+++ GIVEN RECORDS +++

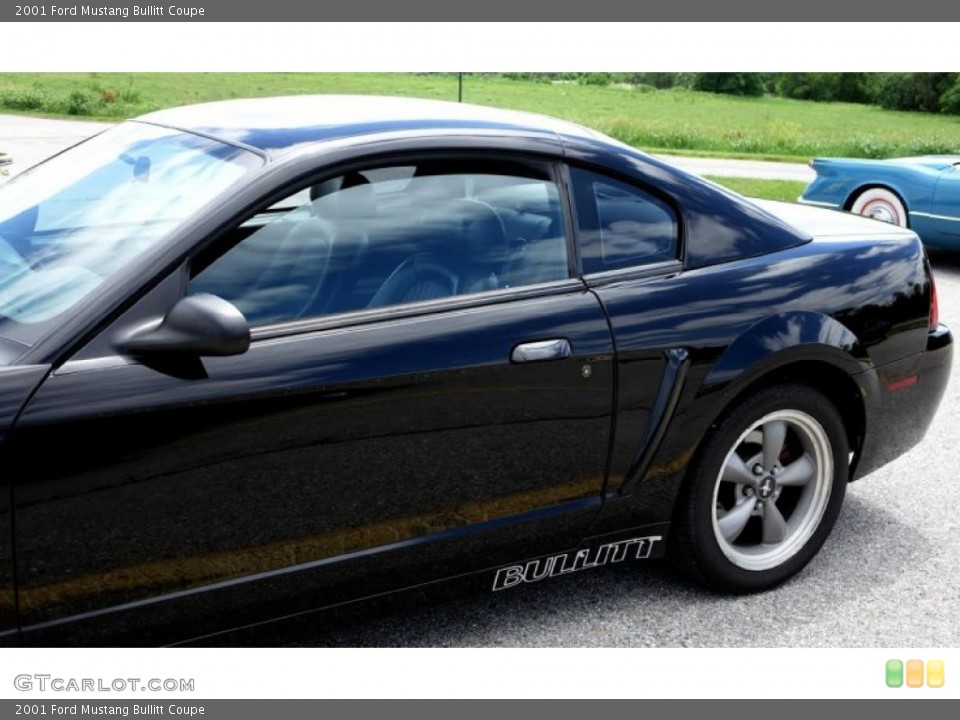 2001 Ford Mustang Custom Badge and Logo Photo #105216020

+++
+++ GIVEN RECORDS +++

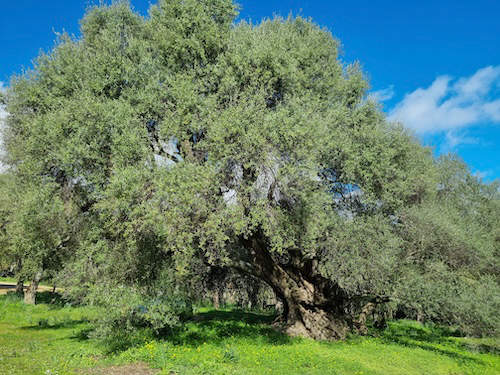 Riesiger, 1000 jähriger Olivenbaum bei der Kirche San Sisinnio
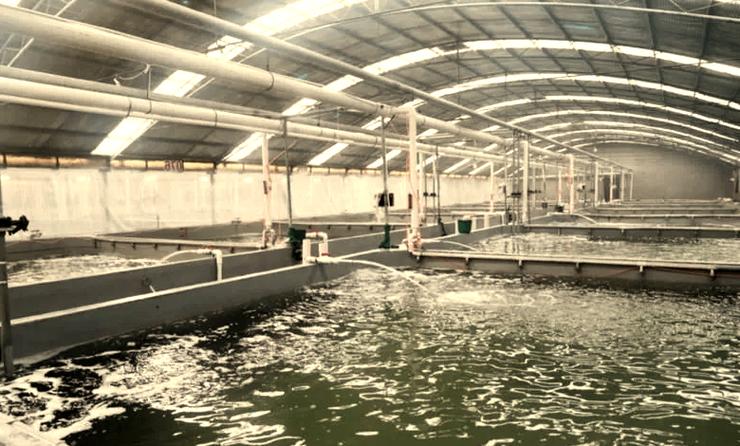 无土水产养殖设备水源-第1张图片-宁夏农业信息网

+++

In the listing above, find the line with "Riesiger, 1000 jähriger" and the line with "无土水产养殖设备水源-第1张图片-宁夏农业信息网". Set down exactly those lines and everything between them, skipping pictures.

ANSWER AREA.
 Riesiger, 1000 jähriger Olivenbaum bei der Kirche San Sisinnio
 无土水产养殖设备水源-第1张图片-宁夏农业信息网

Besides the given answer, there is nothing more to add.